The 787 production milestone, announced Thursday, came less than three weeks after the Federal Aviation Administration cleared the Dreamliner to return to commercial service after a three-month grounding. The Dreamliner rolled out at the increased pace is the 100th built in Everett and still will need to be retrofitted with the new battery system Boeing devised to get the FAA’s approval to resume passenger flights.
On the factory floor in Everett, though, Boeing managers and workers remain focused on speeding production. There’s still more to do if they plan to meet the jet maker’s goal of assembling 10 787s monthly by the end of 2013. Those production rates reflect the combined output of the Everett and North Charleston, S.C., factories.
Increasing production to seven 787s per month from five wasn’t the result of major changes to the assembly process, said Gary McCulley, director of 787 final assembly.
“It was mostly about talking to employees and figuring out how to do more today than they did the day before,” McCulley said.
Boeing has relied heavily on the men and women who build the 787 to come up with ways to make the process faster. Employee teams have devised tools that make the installation of aircraft floors easier, for example. They’ve come up with processes that protect aircraft seats and bins during installation, McCulley said.
Dreamliner mechanics Brett Church and Socrates Chan explained one process they helped refine: installing fasteners in 787 wings. Working with supervisors and engineers, they replaced four tools with one.
“It takes seconds to do rather than hours,” Church said.
Compared to a year ago, 787 workers in Everett are more experienced, said Jeffrey Klemann, vice president of 787 final assembly. Since last summer, Boeing suppliers are sending mostly completed sections. That means the 787 assembly work has become more nominal, with mechanics performing the same tasks plane by plane rather than problem-solving incomplete work coming from suppliers.
To reach a pace of 10 jets monthly, Boeing is revising the work performed in each of the four major assembly positions on the 787 production floor. The company also will make changes in tooling and rearrange floor space to accommodate more aircraft parts flowing through the factory.

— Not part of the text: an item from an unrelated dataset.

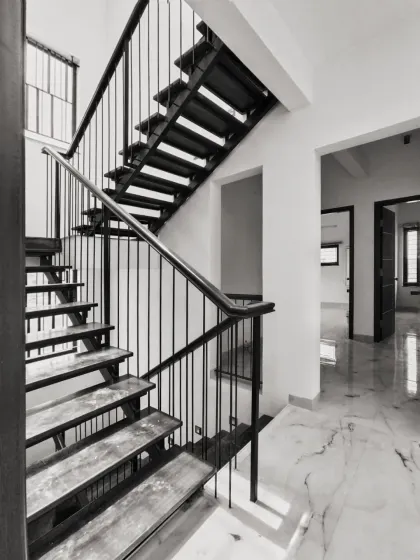 A staircase is more than just a way to get from one floor to another; it can be the sculptural soul of a home. We designed this floating metal staircase to be a light-filled, focal element. Its clean lines and strong form add a modern, industrial character to the space.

For instance, Boeing is doing away with the Mother of All Tools Tower, or MOATT, a structure used in the first assembly position where fuselage sections are joined and the 787’s wings are installed. But Boeing’s philosophy about big tools like MOATT has changed since final assembly of the first 787 began in 2007.

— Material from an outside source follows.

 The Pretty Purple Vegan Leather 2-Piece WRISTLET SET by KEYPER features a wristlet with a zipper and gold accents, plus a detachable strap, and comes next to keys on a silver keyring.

“We consider the big tools as monuments, which we want to get rid of,” McCulley said.
A smaller, more-mobile tool will take MOATT’s place.
Engines are being hung in the second assembly position rather than the third; more jet interiors are being installed in the third position, rather than the fourth, McCulley said. That’s allowing Boeing to use the fourth and final spot solely for testing.
As Boeing strives to reach 10 aircraft monthly, the company also is introducing a longer version of the Dreamliner, the 787-9, to final assembly. Two sections for the first 787-9, the vertical fin and the horizontal stabilizer, have arrived in Everett. Klemann and McCulley say the 787-9 can be built in either the 787 production bay or a surge-line area, a section of the factory Boeing created for extra capacity as the company’s North Charleston final assembly line was started up.
Klemann has confidence in the ability to get to 10 monthly so long as the Dreamliner supply chain can continue to keep pace. Boeing relies on suppliers around the world to build major sections — wings, the tail and fuselage — and ship those assemblies to 787 final assembly lines in Everett and South Carolina.
Boeing’s 787 workers have “proven they can really build this airplane,” Klemann said.